Two concerns are of paramount importance to public broadcasters across the country: the integrity of federal funding and whether Congress will approve a basic level of support for the crucial transition years ahead.
Ever since the Ford administration Congress and the White House have agreed to provide advance appropriations to public broadcasting in order to insulate it from political interference and ensure certainty and continuity for program production. Last year, under intense political pressure, that commitment was broken. The fiscal year 1983 budget for the Corporation for Public Broadcasting was rescinded from the previous appropriation of $172 million to the level arbitrarily set by OMB of $137 million. OMB is now seeking a further and second rescission for fiscal year 1983 to $116 million--a 33 percent reduction.
We are therefore faced with the task of defending CPB's budget for the third time in less than a year - completely undercutting the principle of advance appropriations. The fact that public broadcasting's budget decisions are now made in such proximity to our programming decisions raises the specter that, unless insulated funding is fully restored, there would be a temptation to interfere with CPB's budget because of radio or television programs on the air.
In addition, these continuing assaults on CPB's budget completely frustrate the planning essential to operate a broadcasting system. Programming is developed over time. Precipitate budget cuts will have the effect of pulling the plug on public broadcasting.
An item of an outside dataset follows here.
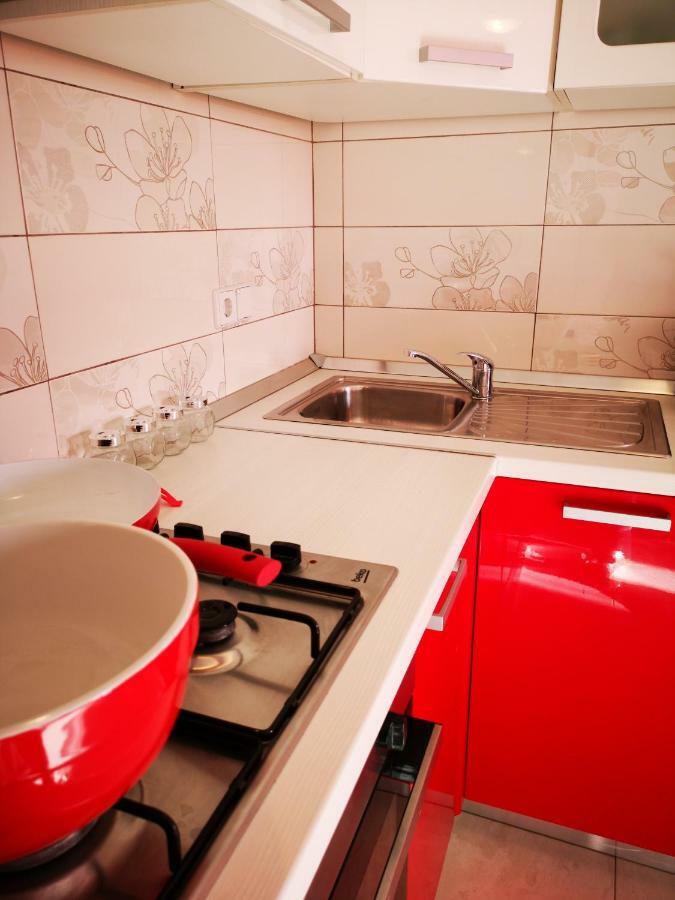 Apartman "Sabine Red" With Heated Pool Omišalj Extérieur photo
We have not sought, and never expected to be exempt from federal budget reductions. But a minimum federal commitment is our bridge to a self-reliant future. Federal funds--which are only 25 percent of the total revenues of public broadcasting--remain the critical lever for the attraction of outside income, helping strengthen our ties with the communities we serve.
Some proponents of a ''free market'' (a misnomer considering the limited number of channels) in broadcasting urge that we be cut loose from federal support, leaving public broadcasting's fate to so-called ''market forces'' alone. If there is demand for such programming, the argument continues, it will attract sufficient support from those wealthy enough to pay. But even supporters of a free market concede that the government should act to compensate for the unintended consequences of an unfettered marketplace with artifically limited boundaries.
This is particularly true in the case of public radio. We provide programs that are unobtainable anywhere else in radio--''All Things Considered,'' ''Morning Edition,'' ''Jazz Alive,'' ''Enfoque Nacional,'' for example, as well as services for the print handicapped. Unless public radio survives, they will disappear. Commercial broadcasters simply cannot afford to duplicate them. To the extent limited federal funding is essential to our continuation during this period of transition to nonfederal support, it should be provided.
We have already accepted substantial cuts in our funds. We now call on the President and Congress to live up to their side of the bargain. We must be allowed to reach the future.